I've got some old (originally Fortran 77) subroutines that I've converted into a DLL that I am calling from Visual Basic 2008.NET SP1. I pass it several variables (some integers, floating points and one string) and it passes back an answer in one of the floating points and the string.
When I run the VB.NET application, either in the Visual Studio IDE or as a compiled executable, I sometimes encounter an error of 'ArithmeticException was unhandled' with a detail of 'Overflow or underflow in the arithmetic operation.' This error coincides with the call to the DLL. The odd part is that if I simply hit continue, the DLL returns the correct results.

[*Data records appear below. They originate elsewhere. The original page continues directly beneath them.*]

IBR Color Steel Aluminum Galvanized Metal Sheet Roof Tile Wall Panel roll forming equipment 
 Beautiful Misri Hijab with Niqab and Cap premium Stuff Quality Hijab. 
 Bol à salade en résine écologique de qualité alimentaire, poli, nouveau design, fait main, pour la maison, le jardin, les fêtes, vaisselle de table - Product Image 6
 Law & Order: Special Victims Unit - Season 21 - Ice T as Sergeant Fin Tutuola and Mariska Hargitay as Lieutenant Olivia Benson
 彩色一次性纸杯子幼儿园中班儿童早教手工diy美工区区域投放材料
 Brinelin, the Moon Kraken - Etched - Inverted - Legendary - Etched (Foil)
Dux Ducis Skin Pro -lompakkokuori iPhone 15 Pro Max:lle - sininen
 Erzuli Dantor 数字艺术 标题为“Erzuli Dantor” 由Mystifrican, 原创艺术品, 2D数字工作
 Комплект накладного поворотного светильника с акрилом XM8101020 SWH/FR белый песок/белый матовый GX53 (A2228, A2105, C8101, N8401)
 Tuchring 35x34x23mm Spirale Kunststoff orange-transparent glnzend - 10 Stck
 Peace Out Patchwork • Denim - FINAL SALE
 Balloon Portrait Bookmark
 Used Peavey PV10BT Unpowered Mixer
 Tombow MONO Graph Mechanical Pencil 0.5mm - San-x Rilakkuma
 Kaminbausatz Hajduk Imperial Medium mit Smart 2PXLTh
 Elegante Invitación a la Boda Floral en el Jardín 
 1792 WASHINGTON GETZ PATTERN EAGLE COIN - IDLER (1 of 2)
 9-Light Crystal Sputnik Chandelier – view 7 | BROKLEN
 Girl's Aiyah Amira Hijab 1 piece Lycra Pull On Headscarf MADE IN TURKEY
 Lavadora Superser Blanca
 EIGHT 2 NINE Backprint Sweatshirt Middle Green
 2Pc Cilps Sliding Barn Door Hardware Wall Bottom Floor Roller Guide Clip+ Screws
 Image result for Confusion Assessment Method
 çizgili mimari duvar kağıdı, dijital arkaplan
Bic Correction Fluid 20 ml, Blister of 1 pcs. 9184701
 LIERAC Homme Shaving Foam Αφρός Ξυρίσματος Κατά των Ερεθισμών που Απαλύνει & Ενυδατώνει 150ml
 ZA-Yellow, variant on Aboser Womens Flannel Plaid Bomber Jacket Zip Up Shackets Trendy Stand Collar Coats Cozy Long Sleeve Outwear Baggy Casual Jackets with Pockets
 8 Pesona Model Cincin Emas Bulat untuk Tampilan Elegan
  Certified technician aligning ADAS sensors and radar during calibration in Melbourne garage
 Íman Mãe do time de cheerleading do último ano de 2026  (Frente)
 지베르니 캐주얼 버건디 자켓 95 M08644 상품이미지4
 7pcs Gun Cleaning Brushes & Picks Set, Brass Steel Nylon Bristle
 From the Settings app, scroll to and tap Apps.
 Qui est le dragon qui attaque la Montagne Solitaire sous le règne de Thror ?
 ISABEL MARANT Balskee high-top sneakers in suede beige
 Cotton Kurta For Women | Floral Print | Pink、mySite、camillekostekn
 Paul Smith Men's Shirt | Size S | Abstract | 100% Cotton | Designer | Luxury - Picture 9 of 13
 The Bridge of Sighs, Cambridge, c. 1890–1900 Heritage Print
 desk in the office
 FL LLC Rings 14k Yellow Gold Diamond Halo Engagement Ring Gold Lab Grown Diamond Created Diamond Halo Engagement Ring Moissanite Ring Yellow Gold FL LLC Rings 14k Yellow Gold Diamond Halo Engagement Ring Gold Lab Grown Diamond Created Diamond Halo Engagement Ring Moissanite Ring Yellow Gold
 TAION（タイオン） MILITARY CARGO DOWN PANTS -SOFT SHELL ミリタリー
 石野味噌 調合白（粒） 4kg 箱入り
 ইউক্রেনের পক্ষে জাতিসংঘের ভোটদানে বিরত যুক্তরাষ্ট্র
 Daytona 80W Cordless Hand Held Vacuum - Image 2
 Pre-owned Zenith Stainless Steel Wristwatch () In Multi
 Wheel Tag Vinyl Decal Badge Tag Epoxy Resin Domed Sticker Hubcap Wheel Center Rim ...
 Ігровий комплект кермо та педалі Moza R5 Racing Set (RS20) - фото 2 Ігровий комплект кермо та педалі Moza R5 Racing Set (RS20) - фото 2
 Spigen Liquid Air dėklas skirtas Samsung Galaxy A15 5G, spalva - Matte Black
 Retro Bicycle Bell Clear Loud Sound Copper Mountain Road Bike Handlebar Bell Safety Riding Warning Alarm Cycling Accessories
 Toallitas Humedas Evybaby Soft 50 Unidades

Although not 100% consistent, it seems to happen mostly when one of the variables happens to be negative. In playing around, if I eliminate the string variable, I can't seem to make it crash. If I add three more dummy string variables, it doesn't crash. I've even tried passing back some arrays to see what was going on inside the DLL... adding three of them also seems to be successful.
Again, the odd part is that when it does error out, it always gives me back the correct answer on a second (re)try. To me, this seems like some sort of memory allocation issue and adding more variables to the call is simply shifting stuff around in memory and masking an underlying problem.
From VB.NET, all the numeric variables are passed ByRef and the string is passed ByVal (arrays were also passed ByVal)... it won't work any other way. I've checked to make certain the variables match in type in both Fortran and VB code... INTEGERs are Integers in VB (and I've tried declaring them as Short too, just to see) and REALs are Single in VB.
Anybody have any ideas as to what may be happening?